I feel like the S90 is still so relatively "new".
EOL already?


----------



## weixing (Aug 2, 2010)

*Re: 1D Mark IV & More [CR1]*

Hi,


> Just that it would be as revolutionary as the 5D Mark II was


 Just wonder what is "revolutionary" to Canon?? It's seem like it can be anything...  3D video?? Live histogram in view finder?? Lightning fast contrast AF?? Return of eye-controlled focusing??

Have a nice day.


----------



## cfibanez (Aug 2, 2010)

*Re: 1D Mark IV & More [CR1]*

Was the 5DM2 revolutionary?


----------



## Woody (Aug 2, 2010)

*Re: 1D Mark IV & More [CR1]*



cfibanez said:


> Was the 5DM2 revolutionary?



I suspect there's a typo. The original 5D was 'revolutionary' in the sense it was the first 'affordable' FF DSLR.

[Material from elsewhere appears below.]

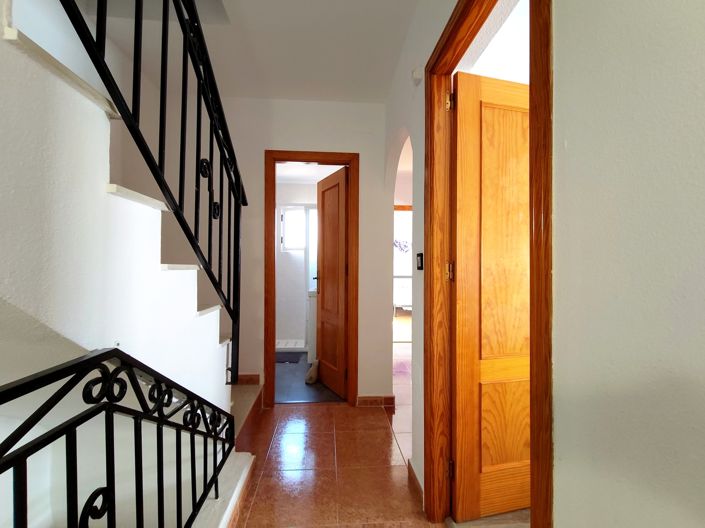 Image No.12-6 Bed Townhouse for sale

The next 'revolutionary' camera is probably a Canon EVIL camera. Unless Canon has somehow resolved the slow contrast based AF issue, I cannot see how attractive it can be. Hopefully, it's not another Panasonic G2 or Sony NEX wannabe.


----------



## pierlux (Aug 2, 2010)

*Re: 1D Mark IV & More [CR1]*



Woody said:


> cfibanez said:
> 
> 
> 
> ...


Well, I think 'revolutionary' for a camera relates to specs and features rather than its price. The 5dII was indeed revolutionary. I wouldn't call an eventual Canon EVIL 'revolutionary' since EVIL cameras are already available. That said, I can't imagine what a new Canon camera could offer to be defined revolutionary... apart from the already suggested fast contrast AF, in-viewfinder live histogram and eye-controlled focus, what about a built-in GPS or a new sensor technology other than backlit cmos?


----------



## neuroanatomist (Aug 2, 2010)

*Re: 1D Mark IV & More [CR1]*



Woody said:


> I suspect there's a typo.



There's a typo alright - in the title that CRguy gave this post. Last I checked, the 1D Mark IV has already been released. CRguy, you might want to correct your topic to read 1D*s* Mark IV, since that is still the subject of rumors.


----------



## pierlux (Aug 2, 2010)

*Re: 1D Mark IV & More [CR1]*



neuroanatomist said:


> Woody said:
> 
> 
> > I suspect there's a typo.
> ...



Wow neuroanatomist, you deserve your nick! BTW, love to read your posts on TDP!


----------



## Justin (Aug 2, 2010)

*Re: 1D Mark IV & More [CR1]*

Revolutionary could be a lot of things. Given that we've heard almost nothing about a 5D3 or a 3D I would guess it's the xxD successor. Revolutionary could be video AF? A swivel screen? Digital focus pull? A few silent focusing zoom lenses? I still think we'll get a standard 60D followed by a 1Ds4 followed by a 5D2 successor - fall, winter, fall respectively. Maybe EVL works its way into the time line.


----------



## iblogulike (Aug 2, 2010)

*Re: 1Ds Mark IV & More [CR1]*

Does anyone else hope that Vincent Laforet is in Italy to film on a new 1Ds Mark IV?


----------



## gkreis (Aug 2, 2010)

*Re: 1D Mark IV & More [CR1]*



uptown said:


> I feel like the S90 is still so relatively "new".
> EOL already?



The special prices Newegg and others have been running in the s90 that last month or so confirms it for me. They have been pushing them.


----------



## jlevie01 (Aug 2, 2010)

*Re: 1Ds Mark IV & More [CR1]*

The key term here is obviously "revolutionary." I think the comment that, to Canon, "It's seem like it can be anything..." is right on the money. I have little doubt that they would apply that term to anything you all have mentioned (new AF, swivel screen, etc.).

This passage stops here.